By Tiffany O'Callaghan

Preliminary work in rats suggests that a hormone that promotes growth and repair in certain cells may be instrumental in the formation and retention of memories.

When researchers injected the protein, insulin-like growth factor II (IGF-II), directly into the hippocampus -- the region of the brain associated with episodic memory -- during a particular window after learning, it seemed to both enhance memory and enable it to persist for longer. The study is published online in Nature today.

"It was exciting to see that it was a memory enhancer," says Cristina Alberini, a neuroscientist at the Mount Sinai School of Medicine in New York who heads the lab leading the research. "There are not many factors that can enhance memory. It's much easier to disrupt memories than to enhance them."

Alberini chose to focus on IGF-II because, as a first step in this research, she and her colleagues identified it as one of the 'target' proteins of memory formation. After learning, the brain begins to synthesize proteins, kick-starting a chain of neurophysiological events that ultimately results in the consolidation of memory. Those initial proteins, known as conscription factors, regulate the production of secondary or target proteins that keep the chain going.

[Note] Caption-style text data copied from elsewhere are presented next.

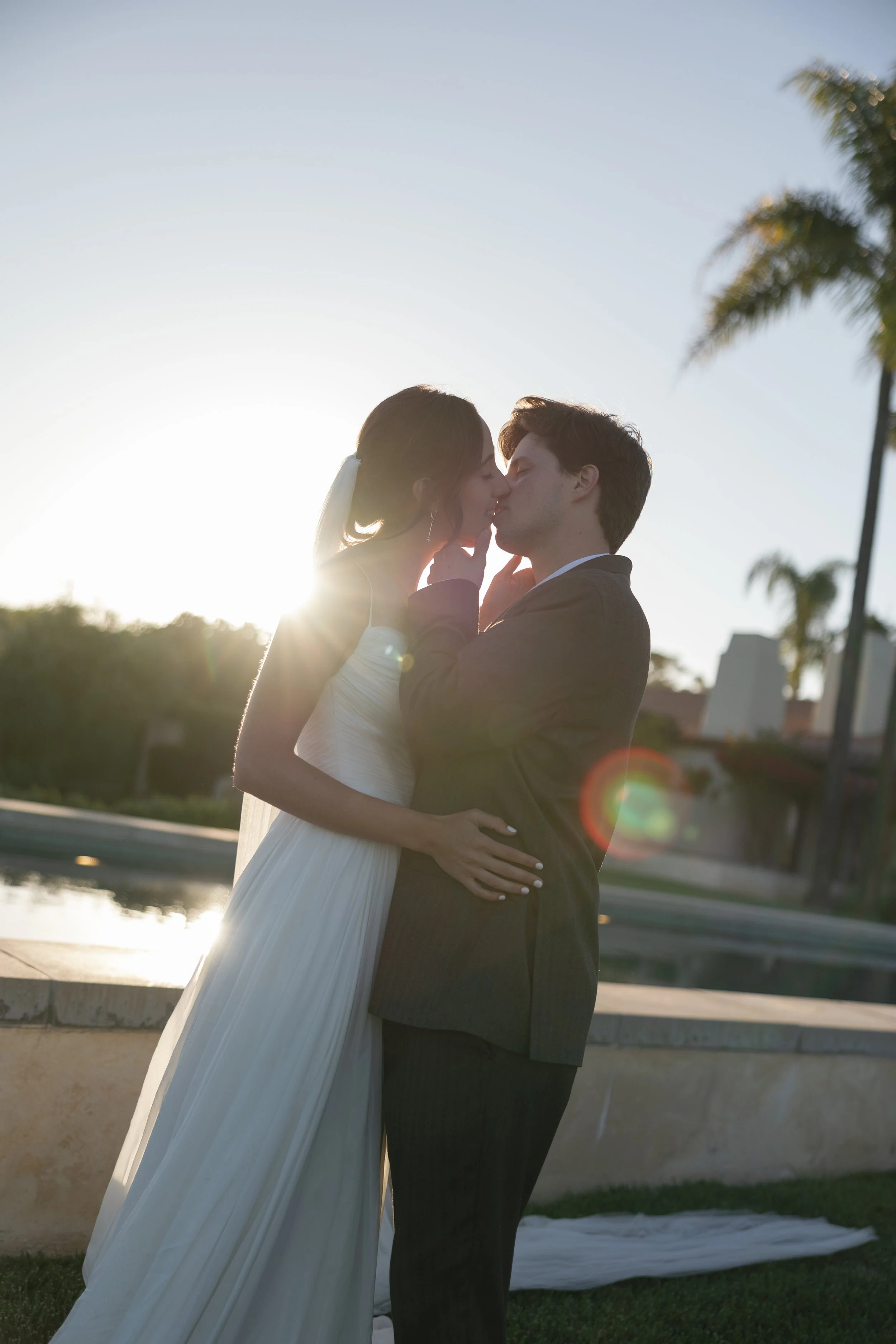 Couple in wedding attire sharing a kiss outdoors at sunset, palm trees in background.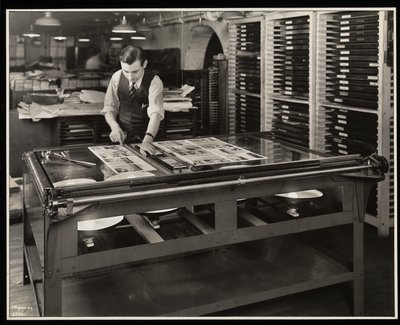 Working on a layout at a light table at Unz und Co., 24 Beaver Street, New York by Byron Company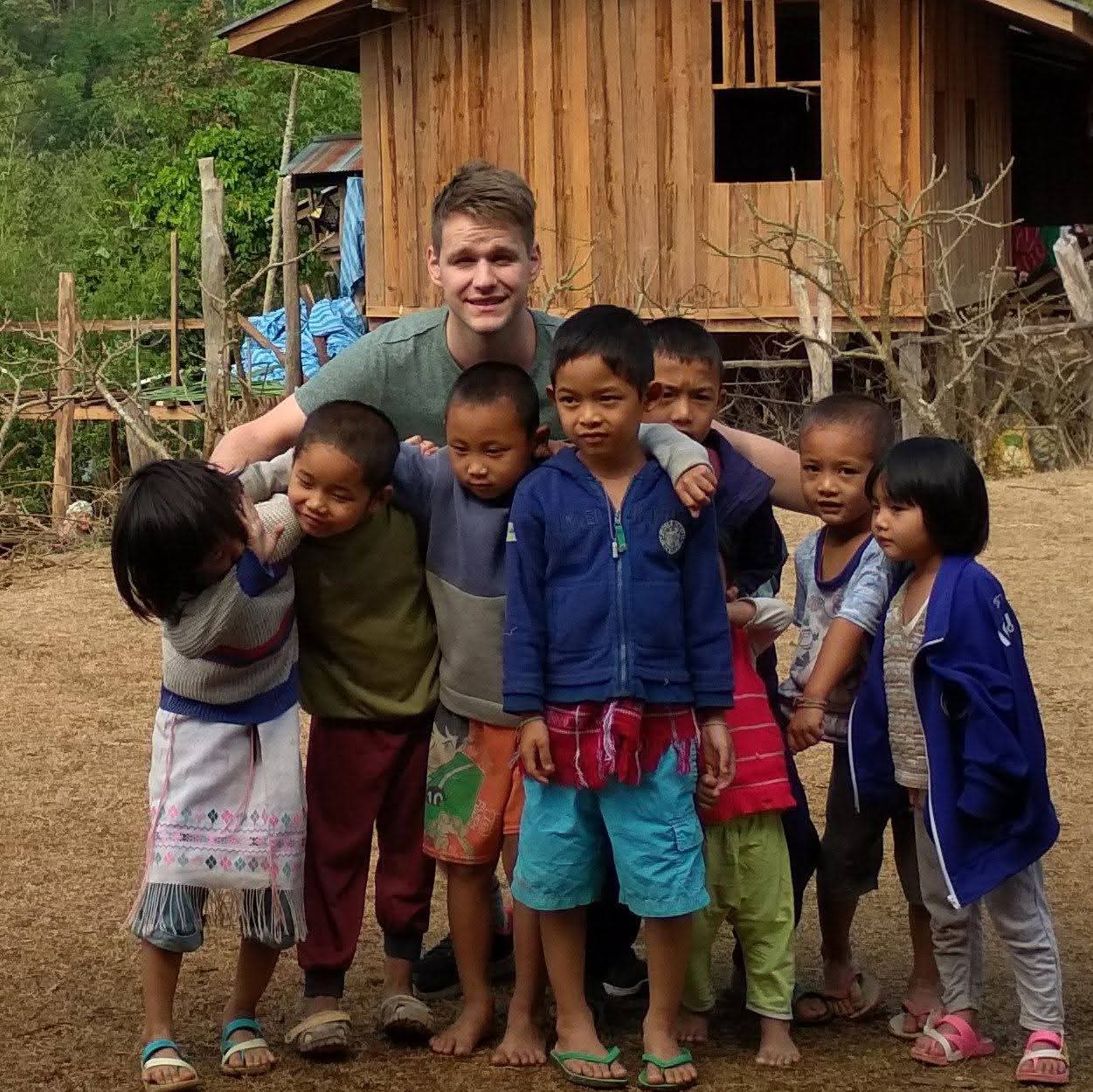 Dennis with children in a mountain village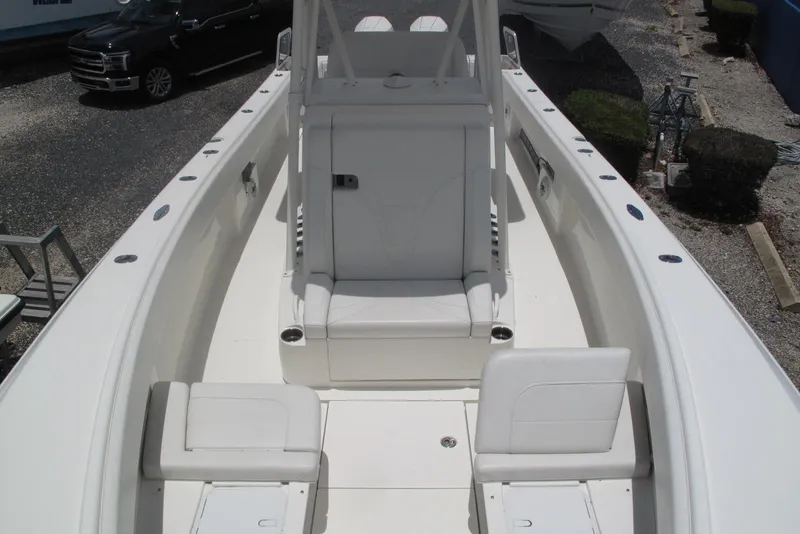 Slide: The Image of 2022 SeaVee 322Z boat interior with white seating and spacious deck layout. - 9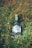 A bottle of gin is placed among tall green grass and small yellow wildflowers. The bottle has a wooden cork and a hexagonal label reading 'Anaë Gin de France BIO'. The glass is clear with a textured design, reflecting light.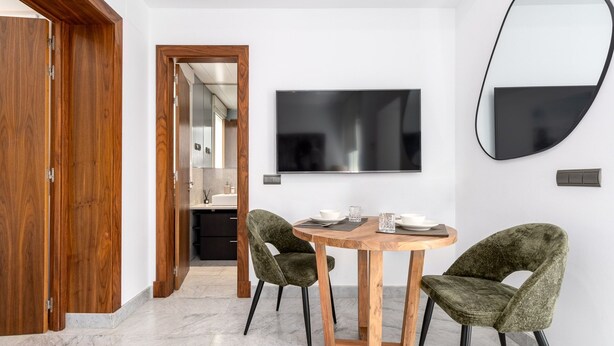 Zona pranzo moderna con tavolo rotondo in legno, due sedie imbottite, un televisore a schermo piatto e un grande specchio a parete.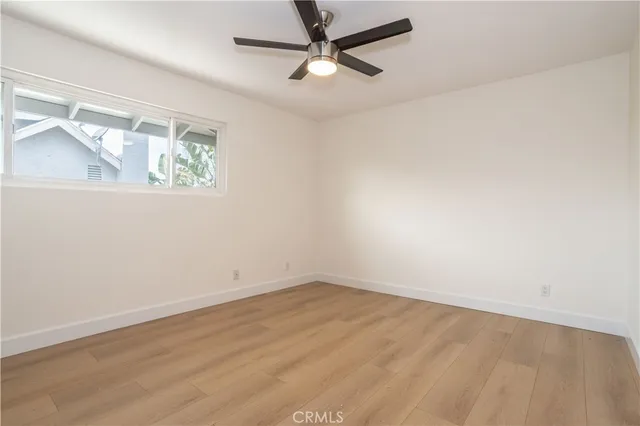 an empty room with a window and a ceiling fan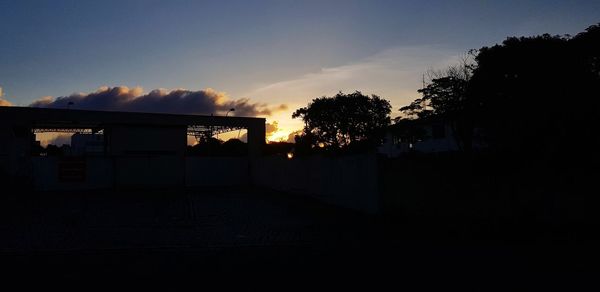 Silhouette trees against sky during sunset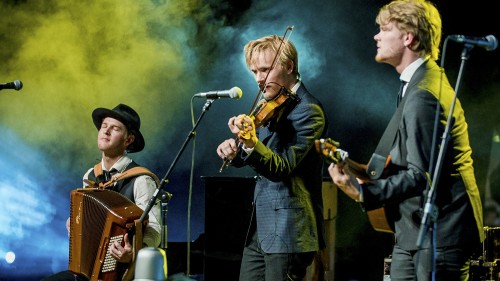 Three musicians stand diagonally, playing a guitar, violin, and accordion respectively in front of a greenish-blue fog. 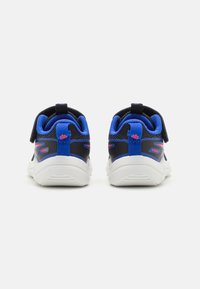 Baskets de sport bleues et noires avec une tige en mesh, semelle blanche, col rembourré et sangle ajustable pour un ajustement sécuritaire. Vue arrière.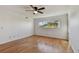 Bedroom featuring hardwood floors, a ceiling fan, and a window, creating a comfortable atmosphere at 2220 Spanish Dr # 4, Clearwater, FL 33763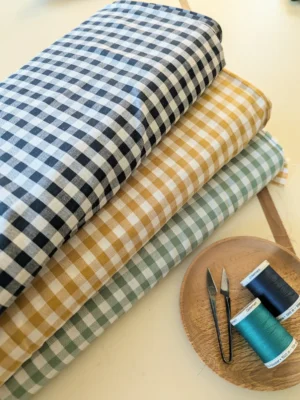 tissu vichy enroulé de couleur bleu marine, jaune et vert menthe en premier plan il y a deux bobines de fils de couture et ciseaix coupe-fil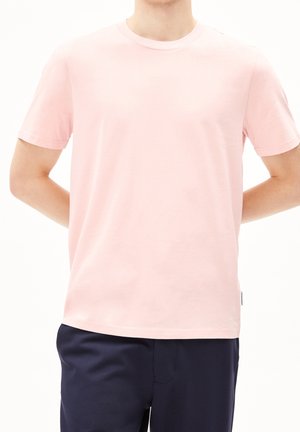 Osoba ubrana w prosty jasnoróżowy t-shirt z krótkim rękawem i ciemnoniebieskie spodnie, stojąca z rękami za plecami.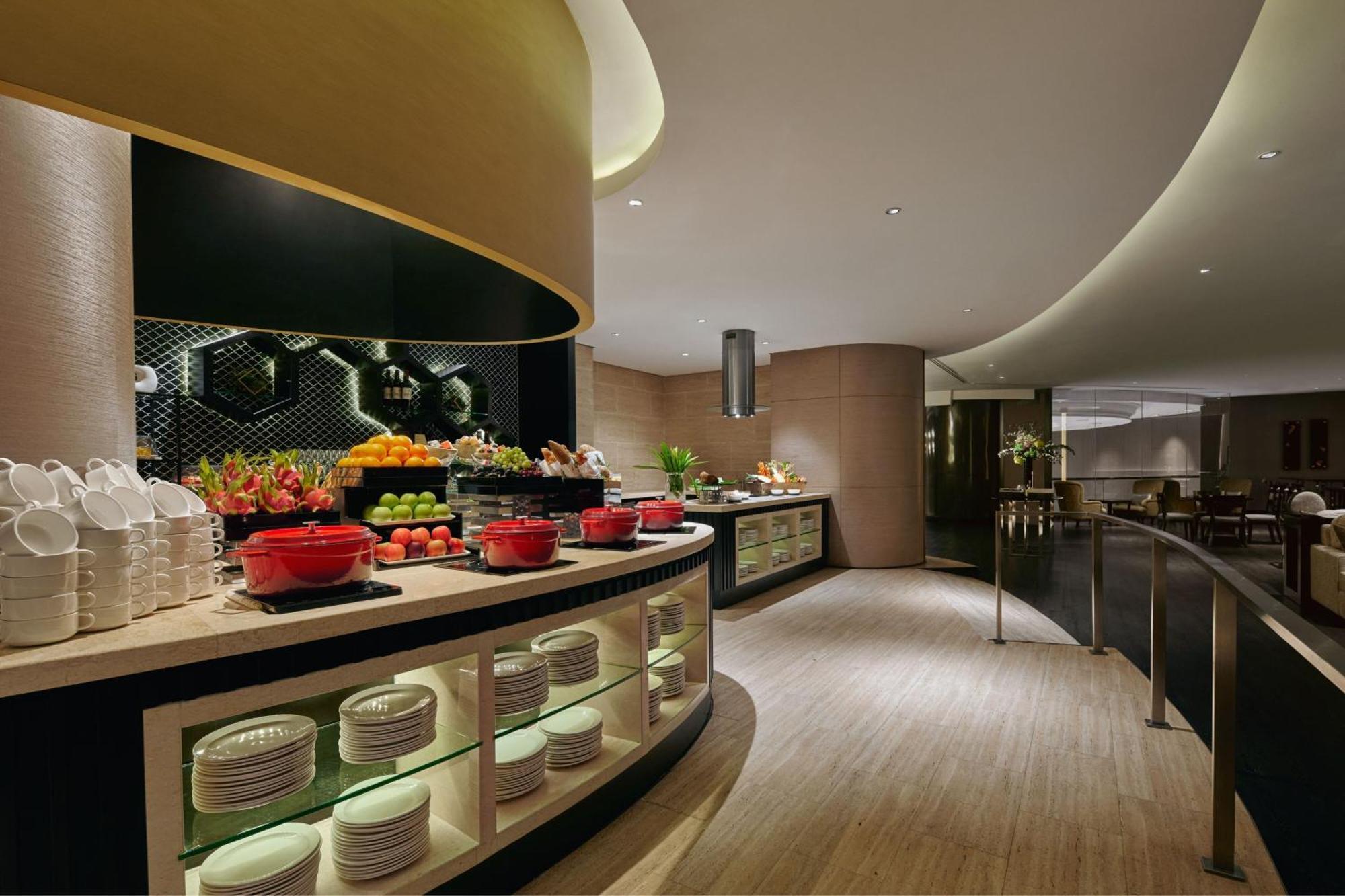 Отель Jw Marriott Куала-Лумпур Экстерьер фото The photo shows a stylish buffet area in a modern restaurant or hotel. There is a curved counter featuring a variety of food options, including fresh fruits and red bowls filled with dishes. Behind the counter, there are neatly arranged plates and a 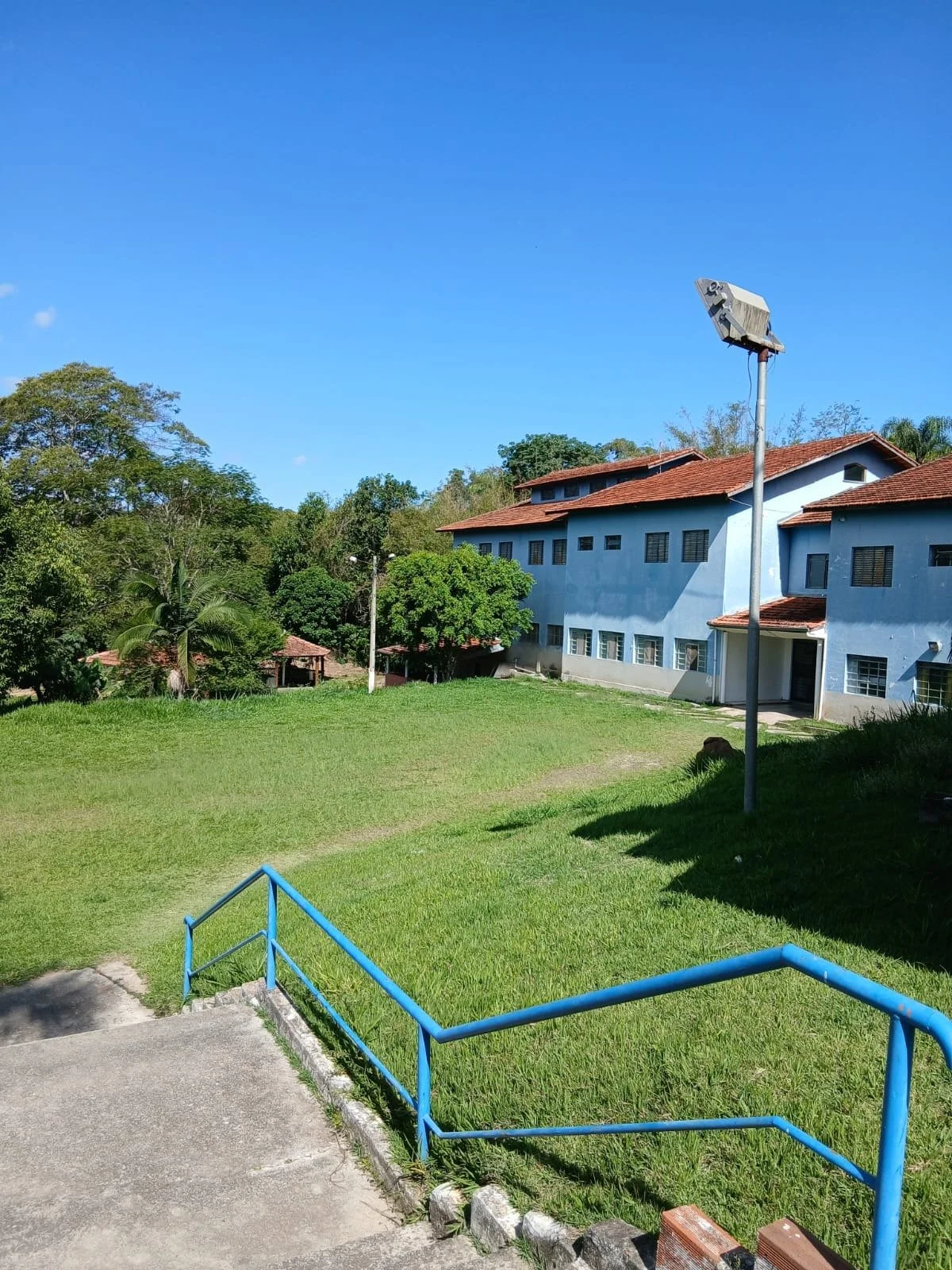 Área verde com gramado, uma escadaria com guarda-corpo azul, uma casa azul com telhado vermelho ao fundo, árvores ao redor e um poste de iluminação.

There are many gaps in our knowledge about IGF-II, but previous research has suggested that IGF-II receptors are concentrated in the hippocampus, and researchers have speculated that the expression of IGF-II in the brain is highest in this region. But to determine the exact role of IGF-II in memory consolidation, the researchers began by testing what happened when they blocked it.

Blocked shock

In an initial experiment, Alberini and her colleagues used a technique known as inhibitory-avoidance training. They put rats into a box in which one side was darkened. If the rats entered that side, they experienced a mild foot shock. After the training, the researchers found that levels of IGF-II in the hippocampus of the rats had risen. In a second experiment, to confirm that IGF-II was involved in memory consolidation after learning, they injected an IGF-II blocker into the rats' hippocampus. Later, when the rats were put into the box again, it was clear that they had no memory of the shock associated with the darker side.

This suggested that IGF-II is involved in memory consolidation. In subsequent experiments, the researchers did not disrupt the natural synthesis of IGF-II, and instead injected a further small dose of the growth factor into the hippocampus after the rats had gone through training. This time they found that the memory was not only enhanced -- the rats who had received the extra dose steered clear of the dark side for longer -- but also persisted for longer after the initial learning episode.

Li-Huei Tsai, a neuroscientist at the Massachusetts Institute of Technology in Cambridge and co-author of an accompanying commentary, points out that these observations are very preliminary, and that the precise way in which IGF-II enhances memory is not clear. Yet she lauds the promising findings that IGF-II is a "novel memory enhancer", and that this enhancement seems to have a "long-lasting effect".

What is exciting about these findings is that they could lead to interventions for memory-related disorders such as Alzheimer's disease or other types of dementia. Alberini points out that IGF-II can cross the blood-brain barrier, a physiological effect limiting which chemicals can enter the brain; in terms of clinical applications, that could be an advantage."The paper is very intriguing," says Ignacio Torres-Alemán, a neurobiologist at the Cajal Institute in Madrid. He says that he welcomes the insight into IGF-II. Research has focused heavily on insulin and insulin-like growth factor I (IGF-I), whereas IGF-II has been treated like the overlooked younger brother of the family, Torres-Alemán says. "From now on, we'll have to take IGF-II into account," he adds.

Among other things, concerns about a link between an influx of IGF-II and a potential increase in the risk of certain cancers would need to be addressed, and Tsai points out that direct injection into the hippocampus "is highly unlikely to happen in humans". But if future research in rats shows that other delivery methods -- such as nasal injection -- produce similar results, this could be the first step on a path to promising new interventions.